YOUR OBJECTIVE
Using the data that follows, give again word for word the lines between the one holding "Tesla Model Y 2020" and the one holding "Peugeot 5008 1.5 BlueHDi Allure S&S - 36", inclusive. Omit the pictures.

RECORDS SUPPLIED
■ ■ ■ ■ ■ ■ ■

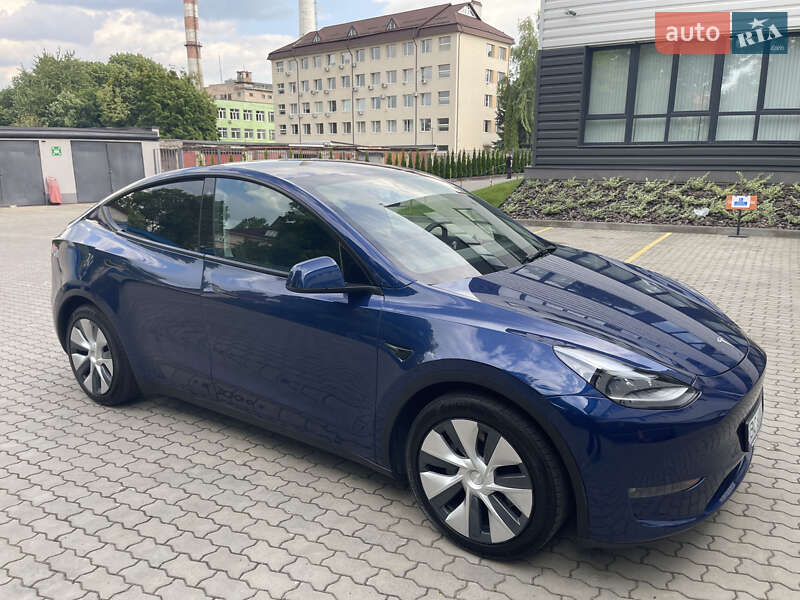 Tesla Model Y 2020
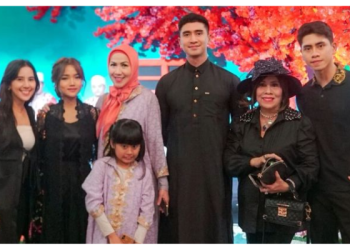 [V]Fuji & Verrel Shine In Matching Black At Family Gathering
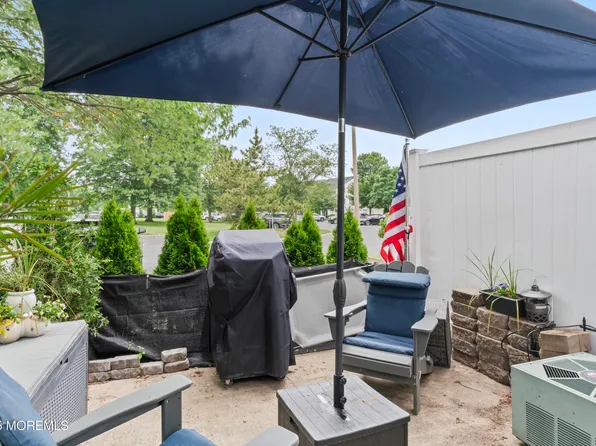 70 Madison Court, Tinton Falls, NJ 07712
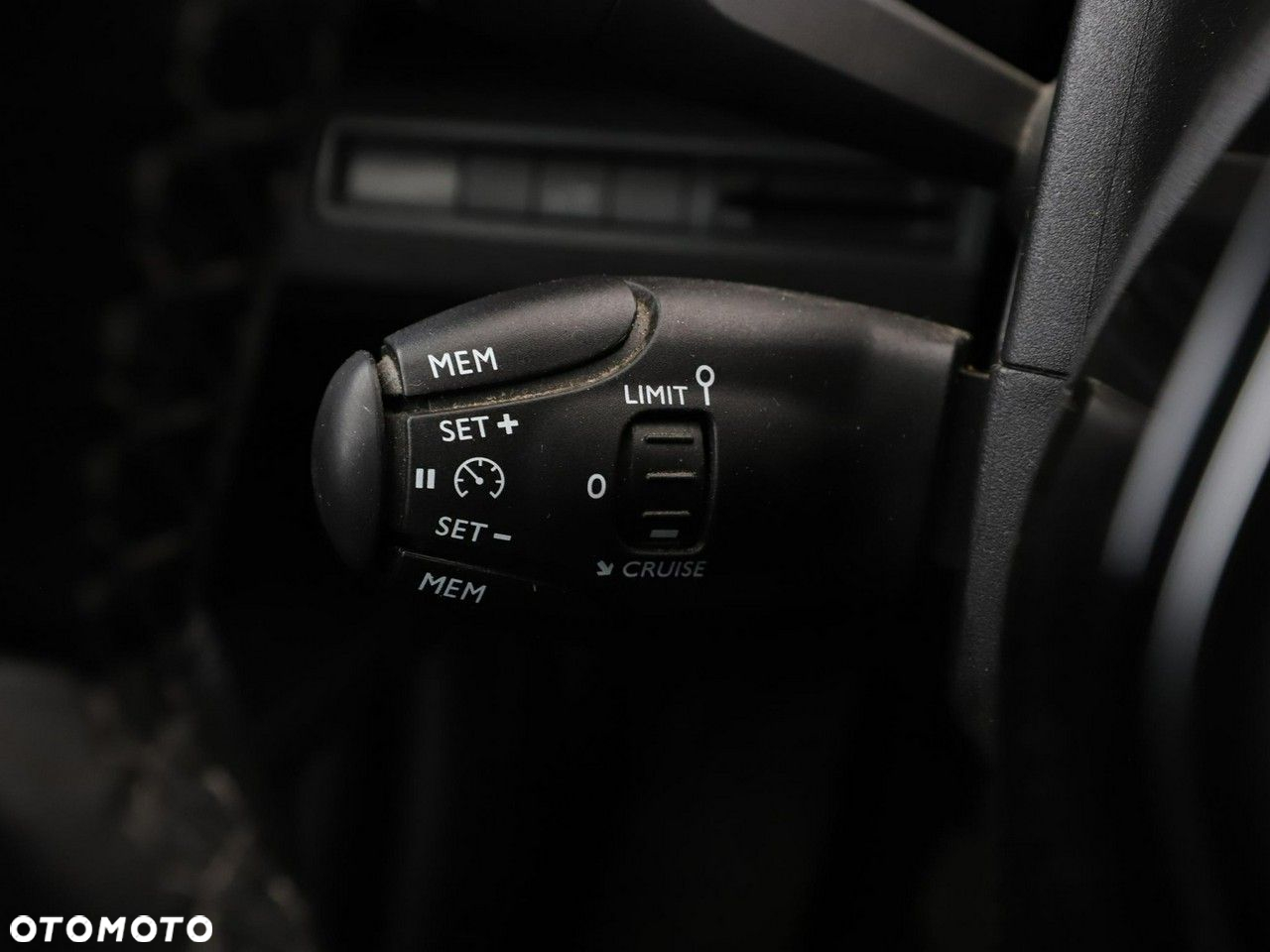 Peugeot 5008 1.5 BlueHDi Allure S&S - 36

■ ■ ■ ■ ■ ■ ■

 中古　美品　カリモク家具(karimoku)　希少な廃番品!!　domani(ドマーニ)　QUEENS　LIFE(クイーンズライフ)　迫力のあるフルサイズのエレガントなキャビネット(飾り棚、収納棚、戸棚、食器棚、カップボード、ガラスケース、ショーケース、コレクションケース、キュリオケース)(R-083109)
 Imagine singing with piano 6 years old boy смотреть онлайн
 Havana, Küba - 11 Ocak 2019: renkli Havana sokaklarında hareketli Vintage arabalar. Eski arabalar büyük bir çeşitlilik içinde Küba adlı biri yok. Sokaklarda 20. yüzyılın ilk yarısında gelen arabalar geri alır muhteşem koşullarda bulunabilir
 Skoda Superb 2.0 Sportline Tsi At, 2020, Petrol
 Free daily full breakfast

■ ■ ■ ■ ■ ■ ■

SOLUTION FOR THIS PROBLEM
 Tesla Model Y 2020
 [V]Fuji & Verrel Shine In Matching Black At Family Gathering
 70 Madison Court, Tinton Falls, NJ 07712
 Peugeot 5008 1.5 BlueHDi Allure S&S - 36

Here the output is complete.